Prompt:
Look through the entries below for the line with "Rangriti - Women" and the line with "Rendering of the", then give again exactly those two lines and all lines between them, minus the pictures.

Items from a data source:
§
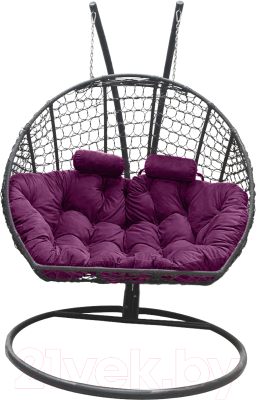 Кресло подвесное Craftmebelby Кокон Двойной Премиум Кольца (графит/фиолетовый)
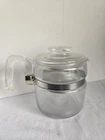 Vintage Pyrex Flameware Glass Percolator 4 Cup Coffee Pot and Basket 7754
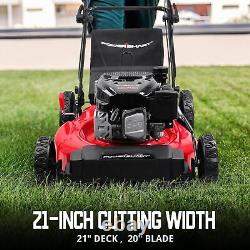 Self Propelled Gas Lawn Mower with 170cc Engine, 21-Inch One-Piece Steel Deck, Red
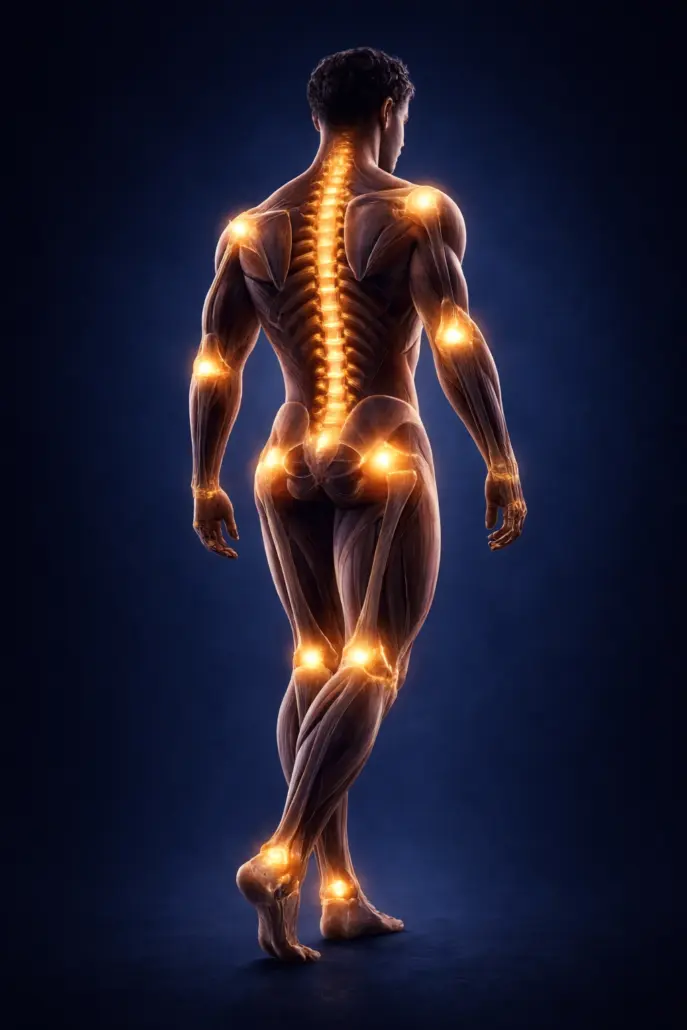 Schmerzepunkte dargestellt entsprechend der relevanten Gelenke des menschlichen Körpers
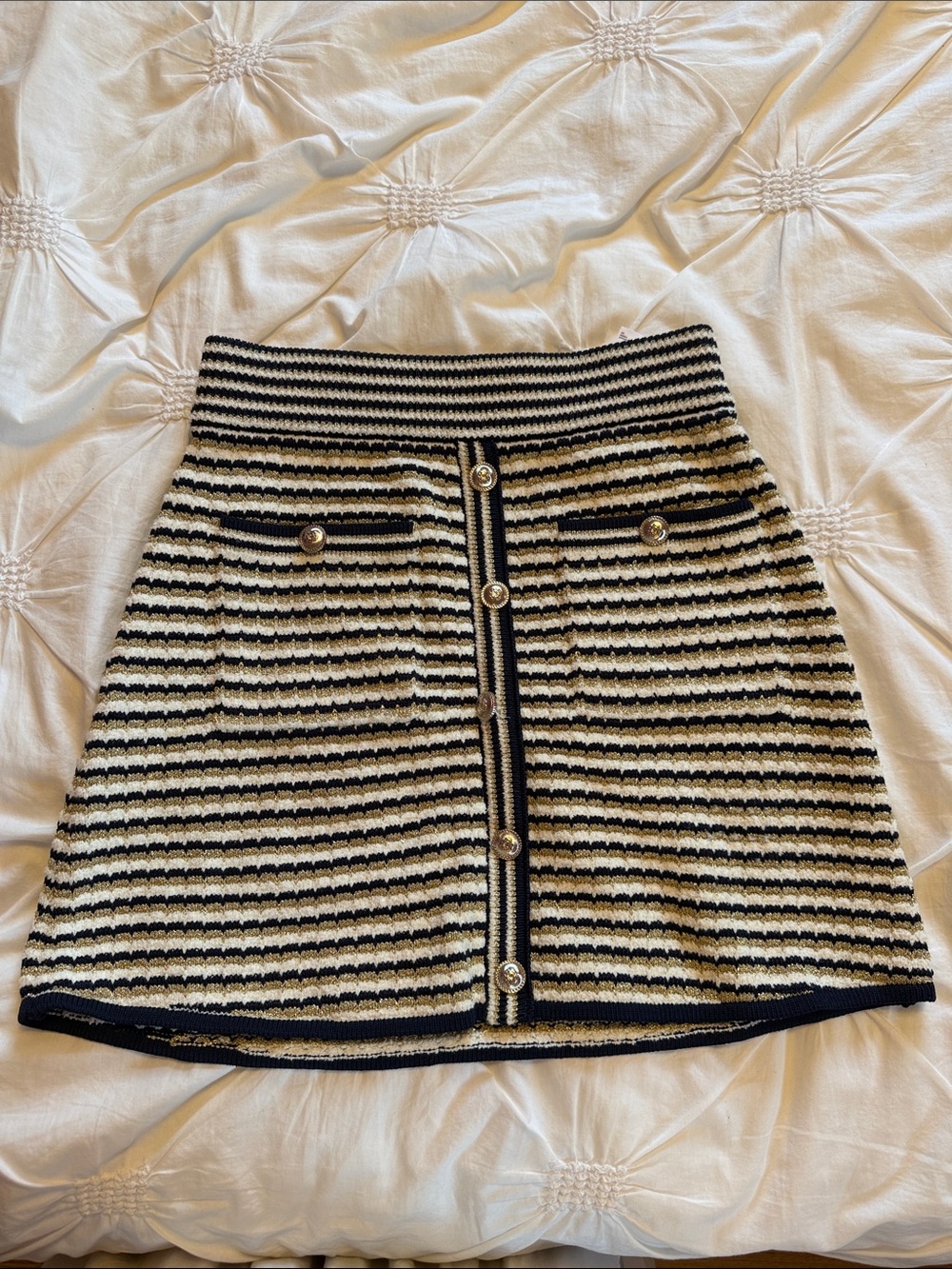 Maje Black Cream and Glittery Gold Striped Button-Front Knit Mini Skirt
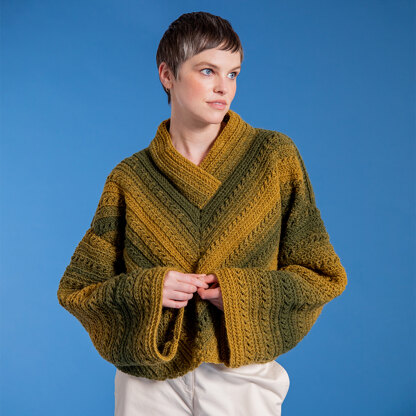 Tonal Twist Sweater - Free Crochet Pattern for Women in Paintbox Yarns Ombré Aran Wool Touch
§
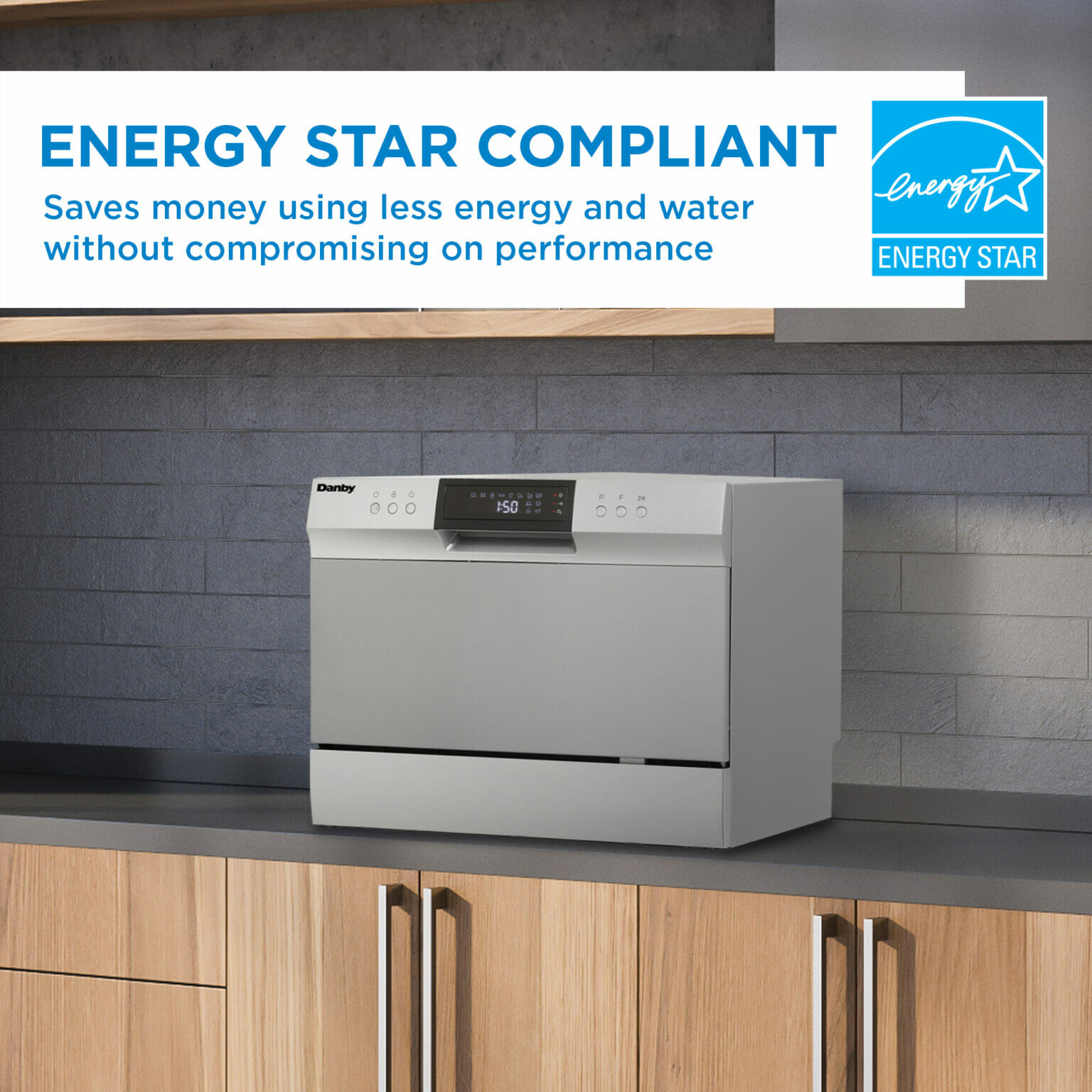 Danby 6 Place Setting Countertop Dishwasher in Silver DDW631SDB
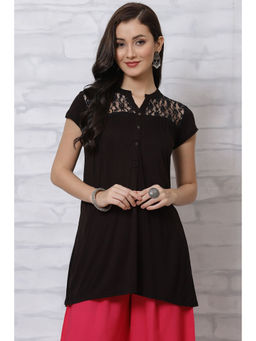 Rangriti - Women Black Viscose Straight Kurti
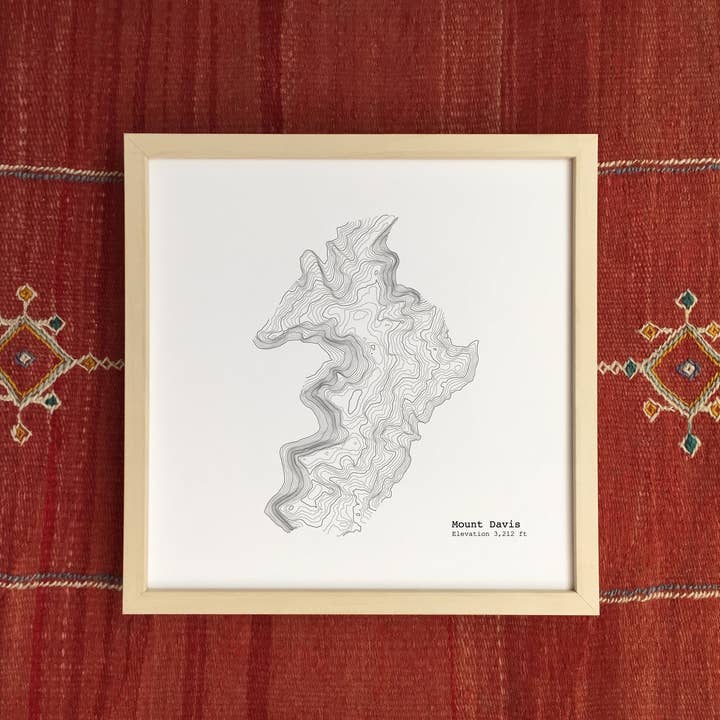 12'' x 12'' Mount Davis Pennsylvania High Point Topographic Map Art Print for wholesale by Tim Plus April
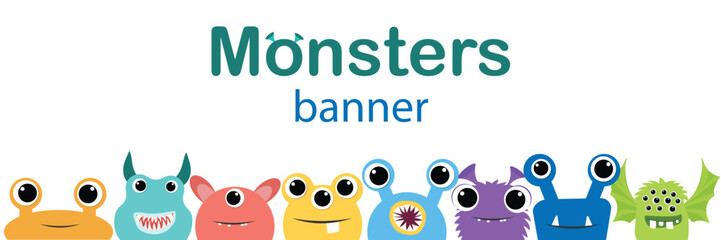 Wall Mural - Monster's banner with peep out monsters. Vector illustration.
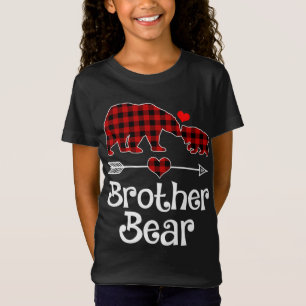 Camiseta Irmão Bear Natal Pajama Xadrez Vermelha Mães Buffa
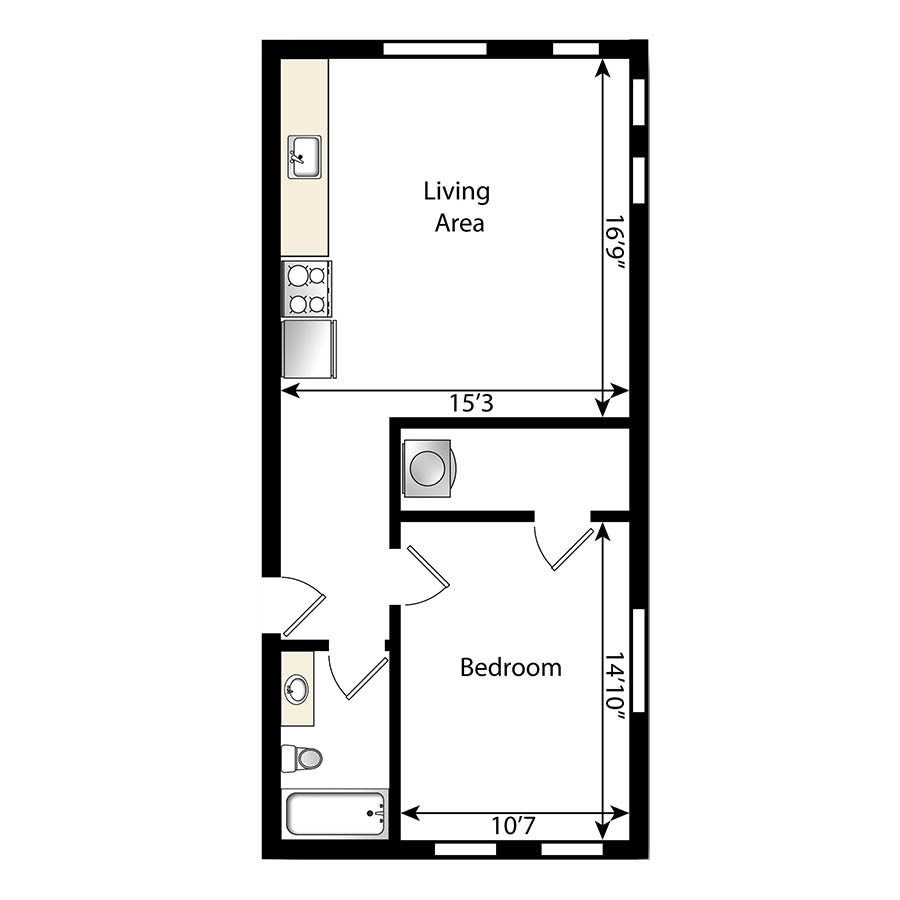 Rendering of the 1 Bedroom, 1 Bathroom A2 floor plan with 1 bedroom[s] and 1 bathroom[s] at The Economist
§
Problem solution:
 Rangriti - Women Black Viscose Straight Kurti
 12'' x 12'' Mount Davis Pennsylvania High Point Topographic Map Art Print for wholesale by Tim Plus April
 Wall Mural - Monster's banner with peep out monsters. Vector illustration.
 Camiseta Irmão Bear Natal Pajama Xadrez Vermelha Mães Buffa
 Rendering of the 1 Bedroom, 1 Bathroom A2 floor plan with 1 bedroom[s] and 1 bathroom[s] at The Economist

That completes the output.